I know dashboards are super trendy, but I’d love to hear from those who are not using them. I personally use FreshRSS to keep track of as much as possible, along with Uptime Kuma and plain old bookmarks. Perhaps there is a better overview solution, but I also love filtering what I see to not feel overwhelmed. or spammed, by information.
I don’t see how people can go without using dashboards. Considering I’m in America, I use them just about any time I go anywhere, as nearly all automobiles have them.
Real answer: I just have a script that updates everything. I run it manually when stuff needs updating. If a service goes down, I notice when it’s not accessible.
Never used a dashboard… I just manage my services on the cli with plain docker commands.
Can you hear the fan? If no, it’s probably fine.
Set of cron jobs that check services, then send a Matrix message if there’s an issue.
For the cron jobs, I pipe
stderr
to another script that watches those and does the same.If all fails, and internet is unavailable and the router crashes, a Pi will toggle a relay, cutting and resupplying power.
I just use Homepage as a bookmark/landing page so I remember what containers/services I have up and running so that I don’t need to check via terminal/portainer. Portainer/docker-compose files for managing services and that’s pretty much it. If I was using a dashboard I feel like I’d be wasting more time on an already time consuming hobby.
Unraid has a table of the docker containers.
I don’t need metrics or stats. I wouldn’t look at, or care about them anyway. Dashboards feel like tech enthusiast crap. Tech and resources for the sake of having tech. My services are to solve a problem, not look at metrics of.
I just simply dont monitor most things. I do have a few things such as low disk space and failed backups. They are just simple shell scripts that send me an ntfy message when there is a problem.
i am un-admining. free-range artisanal services wherever i happen to drop them. hell i don’t even know what’s running and what’s not until i try to access something.
i manage tech all day so my home tech is nothing but abject chaos and i’m ok with that. i have backups and i can go without if needed.
i am un-admining
Pretty much this. I just manually handle stuff when needed. I already work at IT so this feels quite liberating, the last thing I want is to annoy myself more, and the stuff I manage is not Critical™.
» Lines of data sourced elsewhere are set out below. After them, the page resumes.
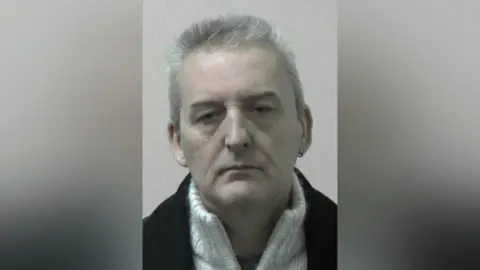 Northumbria Police Mugshot of Dellbridge. He is clean shaven and very pale faced, with short silver hair.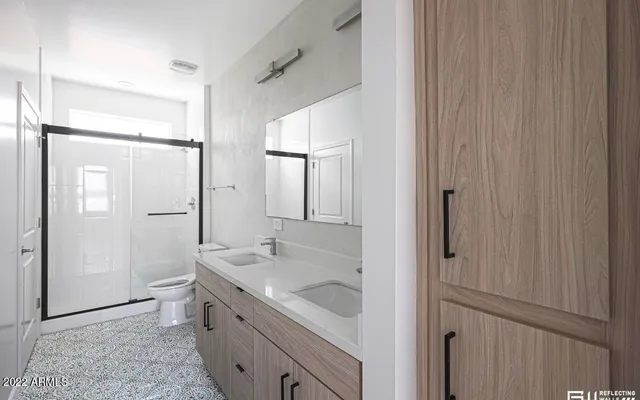 a spacious bathroom with a shower sink and mirror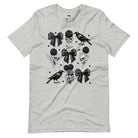 A grey unisex t-shirt featuring a Halloween-themed design with black roses, skulls, ravens, bows, and stars. The design is printed in black and white, giving it a gothic and spooky vibe.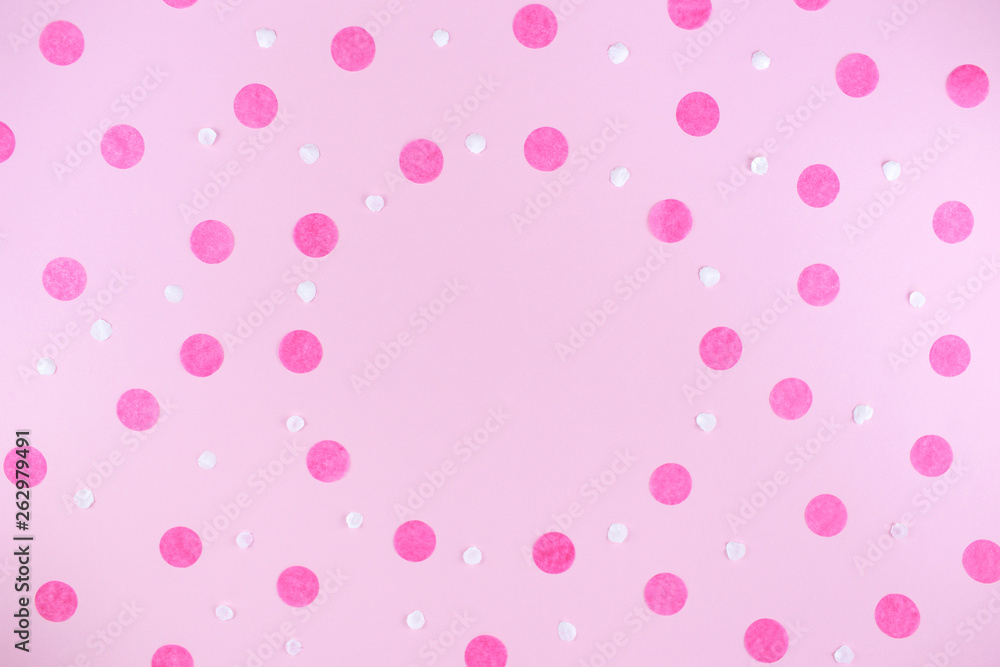 Pink background with pink round confetti. Festive background for your design. Flat lay style.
I’ll notice it’s down when I try to access it and it doesn’t work. If it’s not down, there is nothing to manage 🙃
I have documentation if I need to see everything at a glance. I don’t need a live-updating dashboard for that.
https://charity.wtf/2021/08/09/notes-on-the-perfidy-of-dashboards/
Graphs and stuff might be useful for doing capacity planning or observing some trends, but most likely you don’t need either.
If you want to know when something is down (and you might not need to know), set up alerts. (And do it well, you should only receive “actionable” alerts. And after setting alerts, you should work on reducing how many actionable things you have to do.)
(I did set up Nagios to send graphs to Clickhouse, plotted by Grafana. But mostly because I wanted to learn a few things and… I was curious about network latencies and wanted to plan storage a bit long term. But I could live perfectly without those.)
I monitor everything with xymon, I get emails when there’s a problem. Works like a charm.
Does dockge count as a dashboard?
'Cause I use that to quickly check on what’s running, what’s stopped. Then I do most of my mainenance in a terminal, via SSH to the server.
If I had time to make dashboards, I wouldn’t waste it making dashboards. Most of the stuff I have just works without a lot of attention, and that’s the way I like it.
I just wait for someone to scream if it breaks.
service still up = no problem
Can’t access service = problem, better ssh inSimple as
ssh only after a reboot doesn’t solve the problem, of course
Well, I saw in to reboot, so.
If a service falls in a server and no one is around to hear it, does it actually matter?
let us learn quantum mechanics
Well yeah, it means the system can’t keep torrentin’ stuff!
Restart-always
Then avoid looking at your log files
Great way to find services you really don’t need to be running.
Arch packages. All services have systemd integration.